In het boek "HALT POLITIE" lazen we over de vangst van barmsijsjes en
fraters het volgende:
"Op een dag deelde een jachtopziener ons mee dat hij al verschillende
keren een man had zien rondscharrelen in de schorren ( een deel van de
Schelde richting Hoogerheide) die deel uitmaakten van een jachtgebied
waarop hij toezicht had. Hoewel hij de man al verschillende keren in
zijn doen en laten had gevolgd was hem nooit iets bijzonders opgevallen.

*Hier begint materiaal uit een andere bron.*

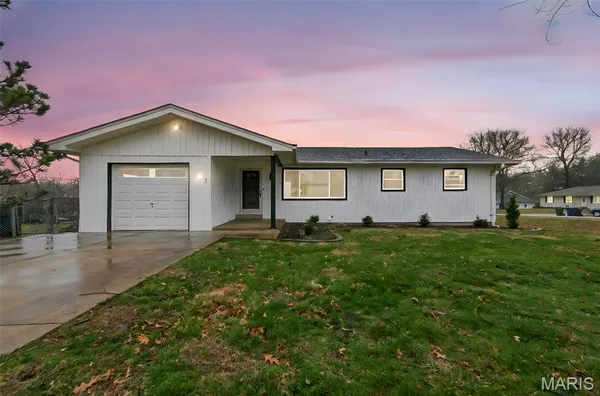$2,795 | 67 Strecker Road, Ellisville, MO 63011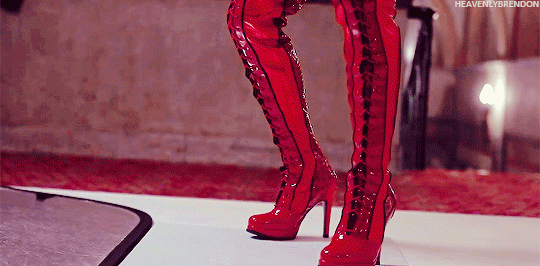 heavenlybrendon:Panic! At The Disco’s Brendon Urie Struts Into KINKY BOOTS x
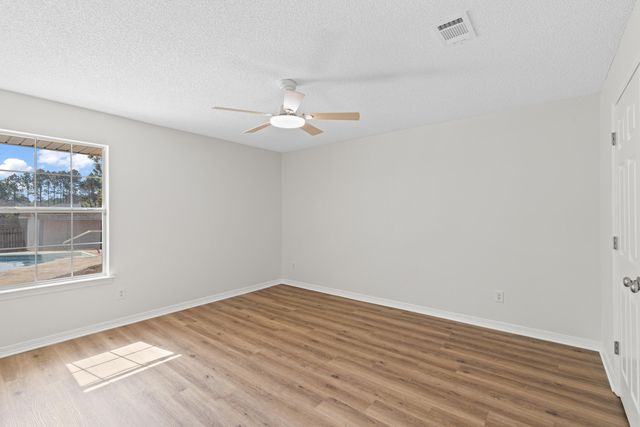 7437 Brevard Street, Navarre, FL 32566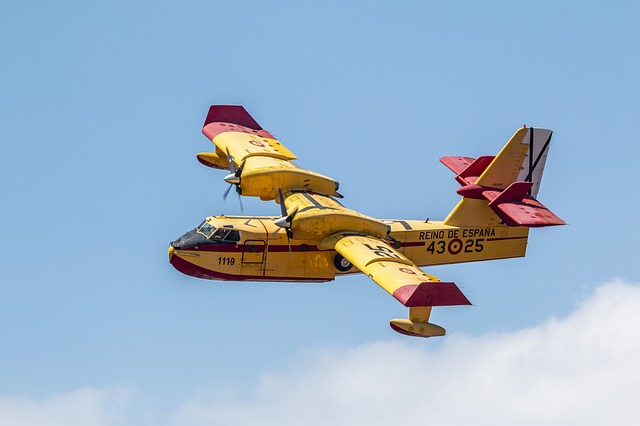 Free download canadair plane fire flight firemen free picture to be edited with GIMP free online image editor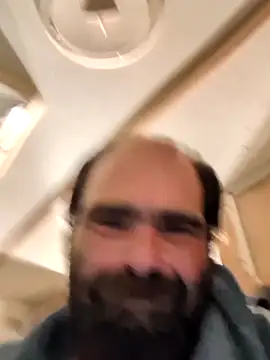 Snapshot of WilldoPita chatting on 11.28.25 WilldoPita online show from 11.28.25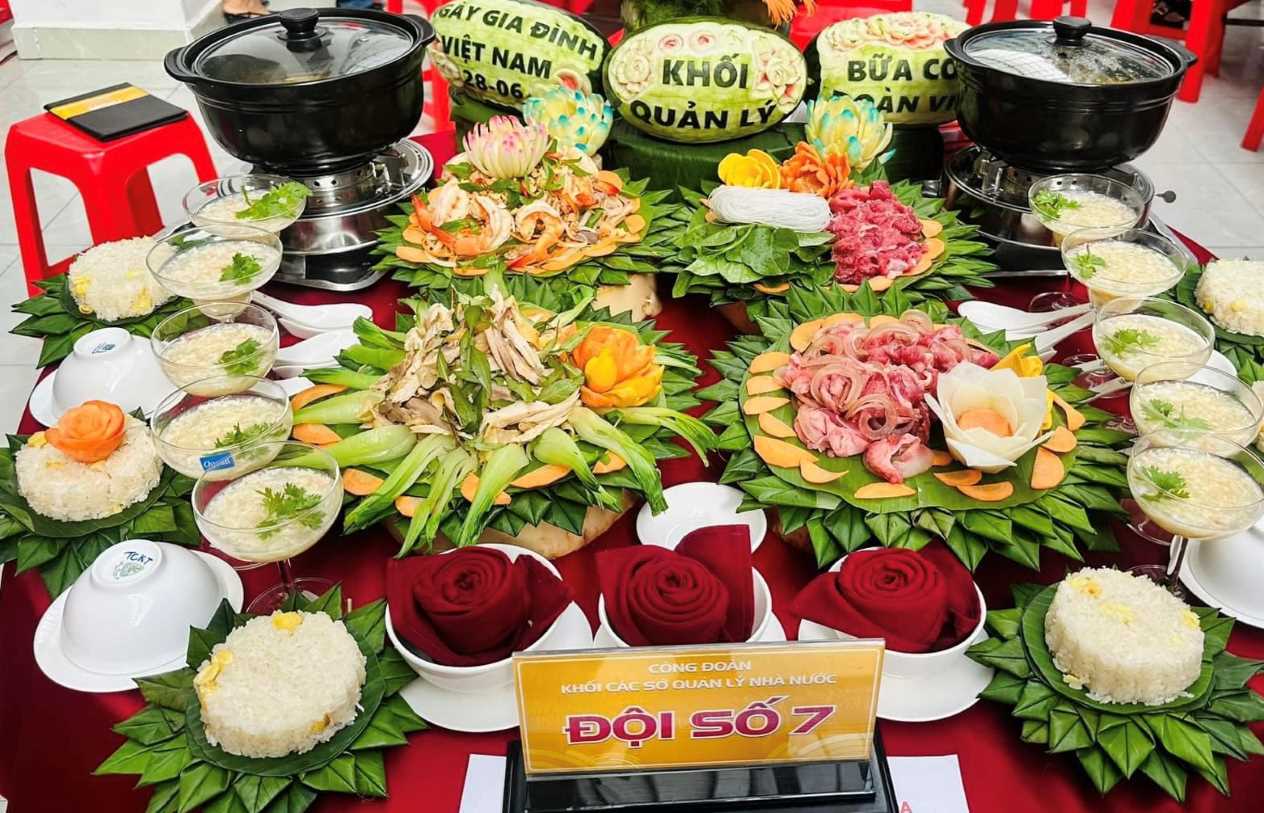 Bữa cơm gia đình do đoàn viên Công đoàn Viên chức Khánh Hòa chuẩn bị. Ảnh: Thu Anh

Toch vertrouwde hij de zaak niet en meende dat de bewuste persoon daar
niet met de beste bedoelingen rondliep. Die dag waren we door andere
werkzaamheden niet meer in de gelegenheid om de betreffende schorren te
gaan bekijken. De volgende dag echter wel en toen waren we daar al vroeg
aanwezig. Het was laag tij en in de grote kreken die links en rechts
door de schorren liepen stond geen drup water. Er lag sneeuw en het was
vreselijk koud. De temperatuur lag zo’n graad of zes beneden het
vriespunt en een harde noordenwind joeg de sneeuw hier en daar tot hopen
bijeen. Ook de schorren, die bij de laatste vloedstroom niet geheel
waren ondergelopen, waren op sommige plaatsen met een dun laagje sneeuw
bedekt. De bruine stengels van de afgestorven lamsorenplanten, die in de
schorren veelvuldig voorkwamen, waren bezet met duizenden
wildzangvogels. In de sneeuw zochten vele van deze vogels naar het zaad
dat door de planten zo rijkelijk was uitgestrooid en in de aangeslibde
grond was achtergebleven. Het viel ons op dat het overgrote deel van de
hierbedoelde vogels barmsijzen en fraters waren. De grijsbruin
gestreepte barmsijzen met hun helder rode petjes en hun zwarte kin
staken af bij het wit van de sneeuw waarbij zij niet onderdeden voor de
fraters die met hun lichtgele snavels en hun rozeachtige stuit in groten
getale aanwezig waren. Toen we de plaats bereikten waar de man
regelmatig was gezien ontdekten we tussen de lamsorenplanten een grote
tak waarop hier en daar nog enkele lijmstokjes waren gesteld. Door de
weersomstandigheden hadden de lijmstokjes niet voldoende kleefkracht
meer om er mee te kunnen vangen. In de directe nabijheid van die tak
lagen tientallen dode barmsijzen en fraters. Aan deze vogels kleefde
vogellijm en ze waren vermoedelijk ten gevolge van uitputting omgekomen.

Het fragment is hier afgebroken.